When we eat sugar, it activates the pleasure centre of our brain. When compared to cocaine in experiments with rats, it showed sugar to be 50 times less potent than cocaine but act on the same part of the brain. It revealed that exposure to sugar in excess was enough to change the structure of the neurones in the brain. When we eat sugar, we release a chemical in our brain known as dopamine. This encourages us to keep going, ensuring survival! A handy fact thousands of years ago when sugar was a rare treat. Fast forward all those years and we are surrounded by the stuff and the irony of what was once a lifeline has now become a fast-tracked way to decrease our quality of life. In a cruel twist, the feedback loop of dopamine release, sugar consumption and your level of satisfaction requires increasing amounts to maintain the same level of satisfaction. In short, we eat more to get the same affect two squares of dairy milk used to give us.

​The Doctor presenting the lecture was implicit… greater empathy and respect for those suffering this needs to be our mandate. Remember, it isn’t the single exposure that causes this addiction; it is the excessive intake regularly that reinforces that behaviour. Emotional eating or boredom may be the initial drivers but then it becomes any cue of stress, fatigue, conflict and that neural highway to survival is lit up like a Christmas tree! Can you name a human that can get through life with no stress, fatigue or conflict??

When someone is addicted to a drug they aren’t placed back into an environment where the drug in question is available at every corner shop, pantry, fridge. Or advertised on social media, TV and the radio. Oh and don’t forget everyone around you is also drinking and eating it as well.
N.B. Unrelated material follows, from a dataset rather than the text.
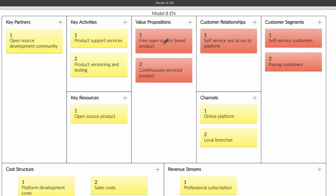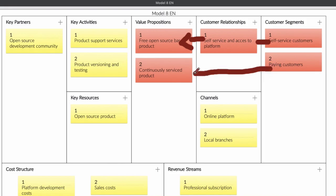For example, you develop a software and the software brings out a kind of solution for some people. You give the people the software for free, but if they want support — how to use the software — they need to pay for it. So it works like this: you're making software, the customers have something like self-service access to the platform for free. But when they want more, for example support or other things, they become paying customers. So you're providing support or extra services with your software.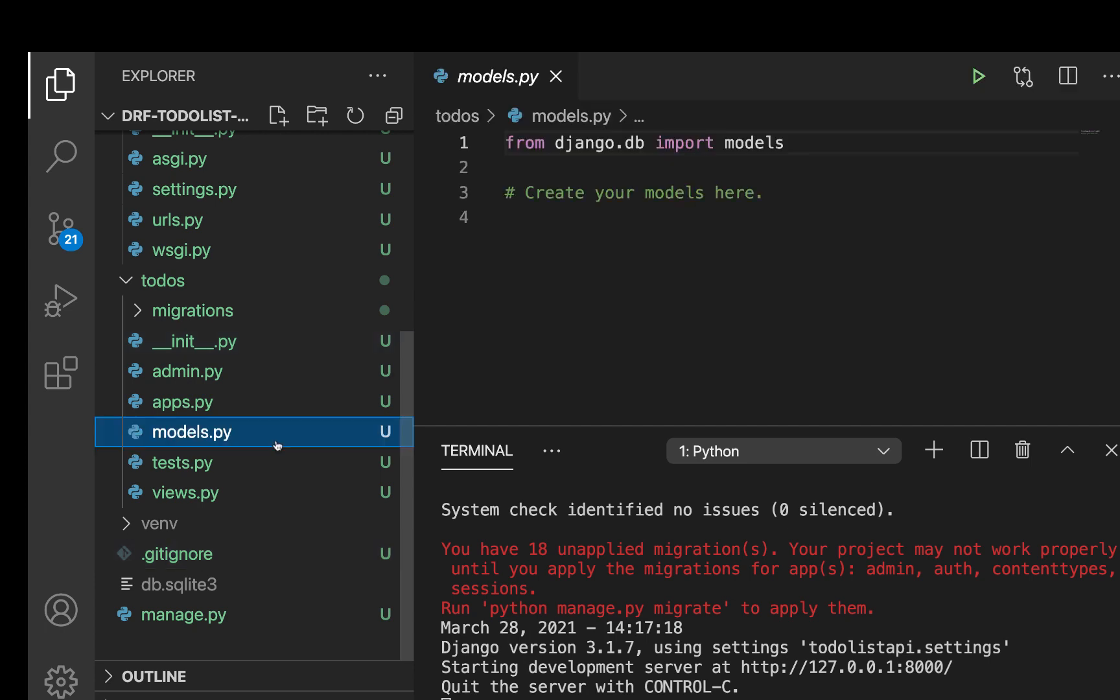So a little bit of background. Every time you create a Django model, you're going to need a few things. Those are going to be when objects of that model are created, when they are updated, and how they are retrieved. Most of those things are going to be common in your application.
Any ‘detox’ is usually self imposed and with our current schedules, willpower is exchanged for productivity with convenience foods and ease of access paving the way for MORE! The motivated individual in this story having failed, given up and succumb, feels terrible. Shame, guilt, embarrassment are all served up as a chaser to that can of red bull and cherry ripe for $5 at the servo. These feelings fuel more intake with reckless abandon and feelings of hopelessness prompting more eating, further reinforcing the structure of those brain cells. Coupled with that is the support crews’ (who are often eating the stuff anyway) negative judgement and frustration with yet another relapse!
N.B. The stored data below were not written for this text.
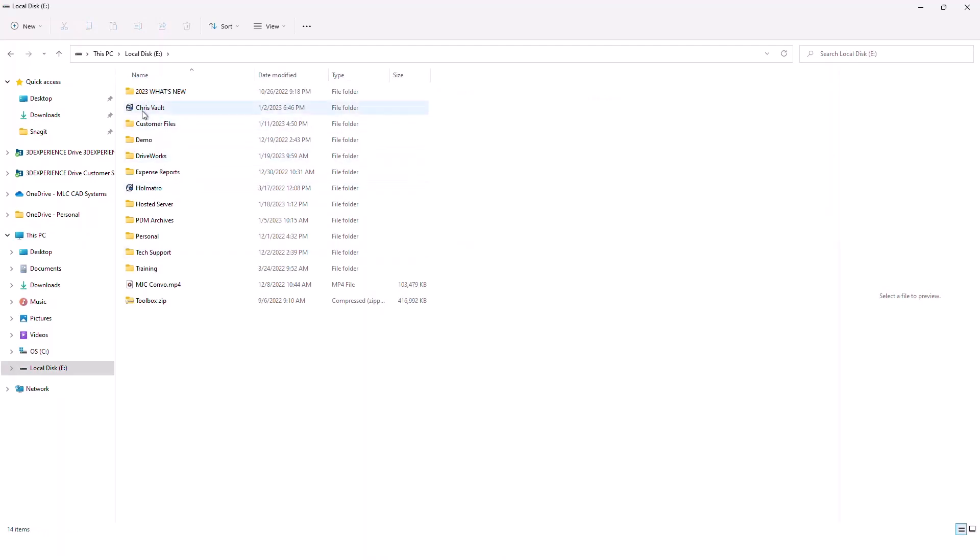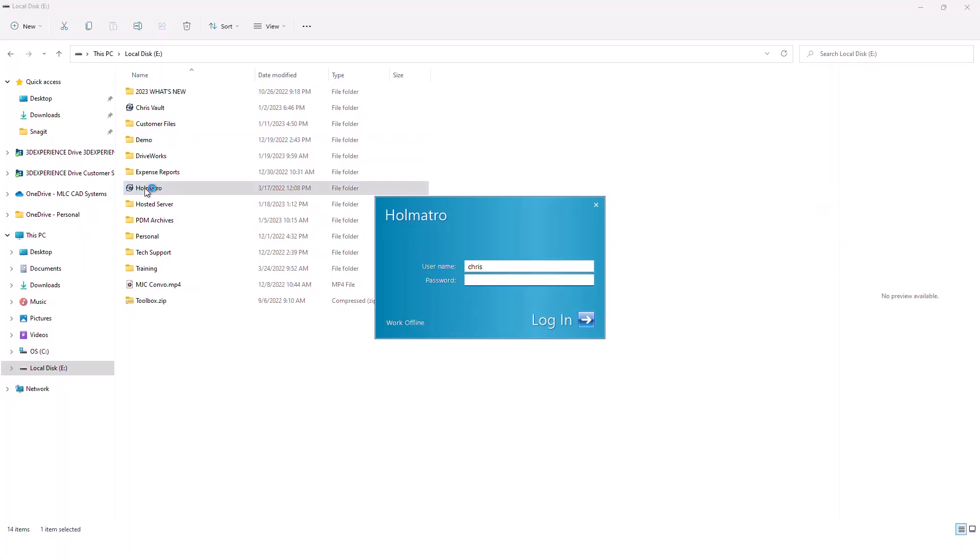We call this the blueberry. Now I have two vaults on my computer and I'm going to focus on this one today. When you get set up with PDM, you would typically just have one of these and that would be your single repository to access PDM and all your data.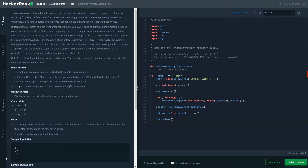So Q owns a pizza restaurant and manages it in his own way. While in a normal restaurant a customer is served following the first come first serve rule, here you simply minimize the average waiting time. He gets to decide who is served first. Different kinds of pizza take different amounts of time to cook, and once he starts cooking a pizza, he cannot cook another until the first is completely cooked.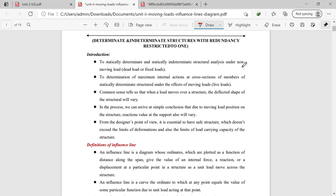As shown on the screen, let us start the introduction part for statically determinate and statically indeterminate structural analysis under the moving load. This method is applicable for dynamic loadings — it is not applicable for static loading. Dynamic loadings are loads like vehicle loading, that is, moving vehicles. The influence line diagram is most commonly used for the analysis of bridge structures subjected to moving loads.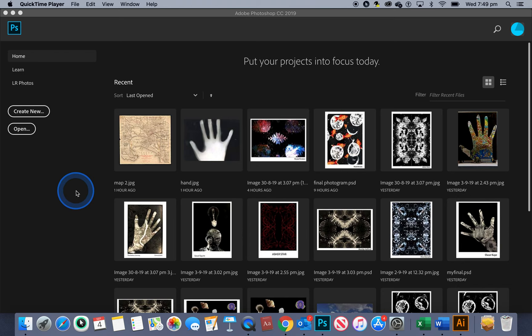I'm going to go through today how to use Photoshop and use the multiply feature in layers to create a hand and map image together.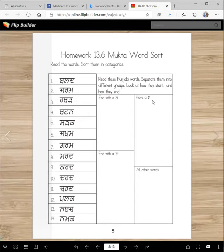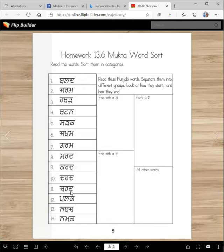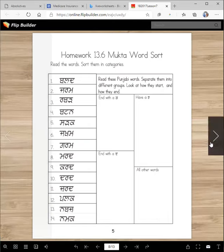There are some of those words and some other words, and you're going to sort them into different categories. The words that end with a kakka go here. That have a rara — I see jarm, rubber, garm, murd, kurd, derd. Which words end with a dadda? I see bald, murd, kurd, derd, zard. Zard means red color. All other words that you haven't used anywhere go here — for example, nubs hasn't been used anywhere, so that goes here.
Understanding that the craving for more is real is the first step in understanding the role these highly palatable foods are playing in your daily intake. It is also why humans in our current environment respond so well to a regular intake of food. If the hunger hormone ghrelin is signalling EAT EAT EAT because we have eaten nothing all day and it’s 3pm, the likelihood of overeating something sweet is high. This excessive intake changes the structure of the brain and further fuels that ‘addiction’.
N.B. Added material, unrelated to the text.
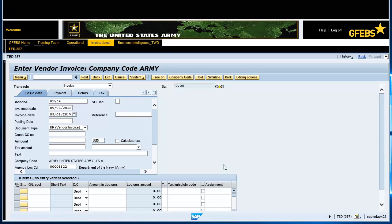The Reference field should have the invoice number listed on the paper invoice. In the Posting Date field, enter the current date. For this example we will use September 6, 2018. In the Document Type field, enter MP for miscellaneous pay.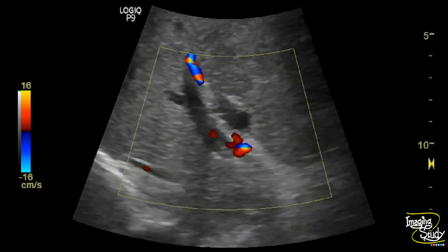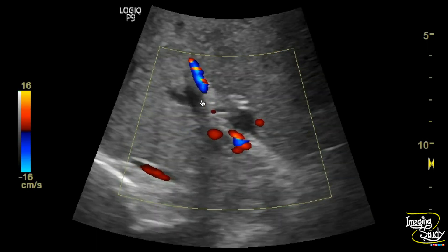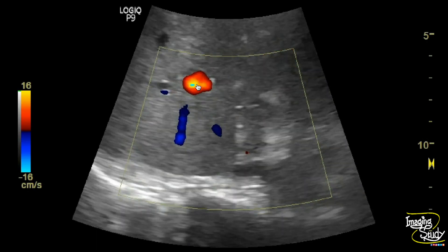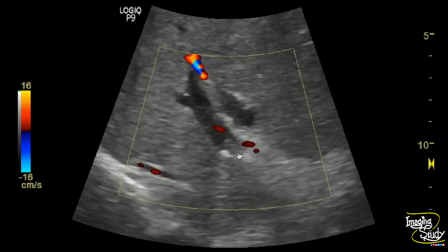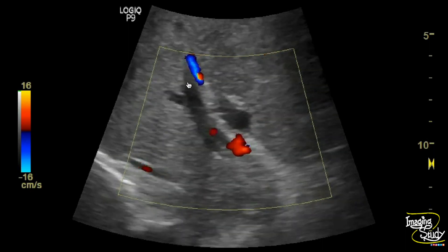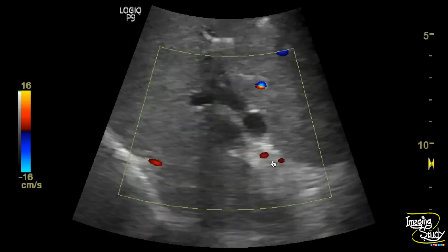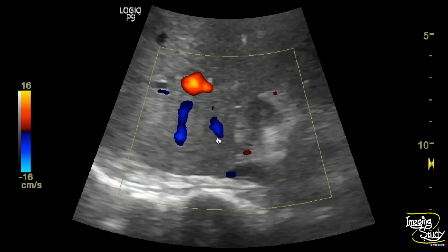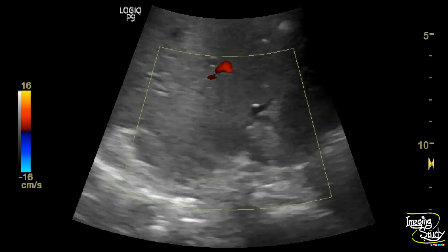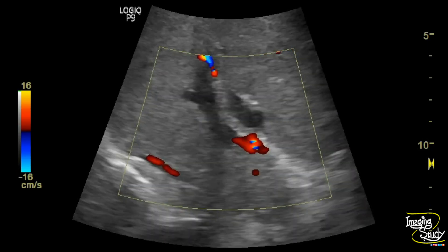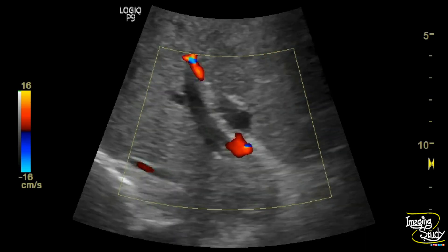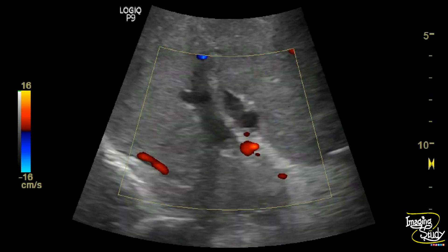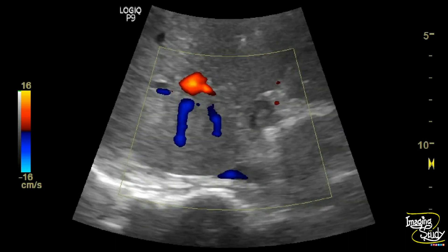Now when we put the color Doppler over the portal vein, prominent flow from the hepatic artery is seen. But there is no flow within the portal venous lumen and its main branches. There are low-level internal echoes also noted, indicating a case of portal venous thrombosis. Having found a space-occupying lesion in the liver and portal venous thrombosis, we want to find the cause of these lesions.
However, if we proactively nourish ourselves with normal everyday food: 
-cereal for breakfast 
-sandwiches for lunch 
-meat and 3 veg for dinner 

​We will see the ‘addiction’ cycle reduce its grip. We are not eating in the grip of the ghrelin hormone saying EAT EAT EAT! There are 2 other parts to this argument and that is tools for dealing with stress, conflict and fatigue which I will talk to in the future. The second factor is the good the bad the ugly of carbs. I will dive deeper on this one also but while chocolate, ice cream and lollies can be technically classed as carbs, they are simple, refined carbohydrates. These flood our body’s and brain with glucose fast! This is very different to whole grains and cereals, eaten and digested with fibre which slowly release that glucose into the bloodstream. We don’t get the dopamine rush from such an intake however we have ensured survival through our regular consumption and if we just give ourselves some time we then release leptin, the satiety hormone allowing us to remain satisfied. This is a different way of eating to the reaction to stress or boredom or an argument with a colleague.


Here are a few questions to ask before the next chocolate or cheese platter:
Is this nourishing or escaping?
Am I hungry or am I craving?
Am I heading toward my goal or away from with the next mouthful?
Would I serve this amount of food to someone that I had over dinner?